The name John is the most used by email fraudsters

This is the story of how participants in an international innovation competition attempted to cheat their way to the prize money.

In 2013, a consortium of international organisations created a joint venture to support innovations and new technologies that promote good governance, transparency, and citizen empowerment. To this end, the association launched an international innovation competition to award seed capital to the most promising ideas submitted by participants. The competition ran for three years, ending in 2017, and received concepts from over 50 countries.

The fickle nature of the human psyche cannot resist the urge to cheat whenever there is an incentive for cash.

The competition set £300,000 (Sh30 million) as prize money to be shared among winning ideas. Submitted business plans underwent three evaluation stages to stand a chance of winning: a public "ballot", a project evaluation, and an expert review. It is the first stage that is of interest to this analysis as it draws a parallel with election voting. In this stage, individuals put forth business concepts on an online portal and solicit votes from the general public.

A caveat on the voting specified one vote per person, but an individual can vote for multiple business plans. The highest-ranking concepts at this stage proceed to the next round. Remedial measures such as wild cards and regional representation featured in balancing the number of votes.

Data on the public voting phase for the three years that the contest lasted was obtained from the consortium to analyse the votes. The fickle nature of the human psyche cannot resist the urge to cheat whenever there is an incentive for cash. The task at hand, therefore, is to find out how people cheat. A warning from organisers informed participants that they would be disqualified if they engaged in unfair practices.

Singularity

When individuals seek to cheat, they do so by maximising the use of personal resources, including gadgets, multiple email addresses, different IP addresses, domain names, etc. Thus, the task of finding fraudulent votes centres on identifying two or more votes that belong to the same person. Clustering variables related to each entry is a suitable methodology for investigating the similarity of votes. To that end, we find votes that have similar-looking email addresses, same IP address, and close voting times. The diagram atop the page shows the initial closely matched votes from the idea that garnered the highest number of public votes.
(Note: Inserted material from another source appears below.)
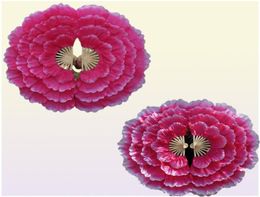 2pcsDancing Fan Peony Flower Dance Hand Square Performance Props Eventail a Main Abanico Para Boda De Mano 2205051349299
We can observe that in the first vote the voter makes use of a personal email address. In the subsequent sections, there are votes from the same IP address that bare the same initial (vp) as the first email. It is in this section that we observe four fascinating facts. The first is that the initial three email addresses are used to vote within a minute. These addresses also share the same web address. Upon further investigation of the web address, the purchase date matched the initial voting day. Hence it is probable that the user bought the domain and created several email addresses for voting purposes.

The second intriguing fact is in the next two emails in this section. These emails emanate from an internet domain that registers temporary email addresses. Several websites such as https://10minutemail.net and https://temp-mail.org/en/ provide temporary email addresses that expire after a set duration. A user can create an unlimited number of these fake email addresses and thus create non-existent users. On initial scrutiny, the email addresses pass the verification test. Running the same test several weeks later returned a negative result. In this scenario, it seems the user
ran out of provisions of email addresses on the bought web domain and opted to create temporary email addresses.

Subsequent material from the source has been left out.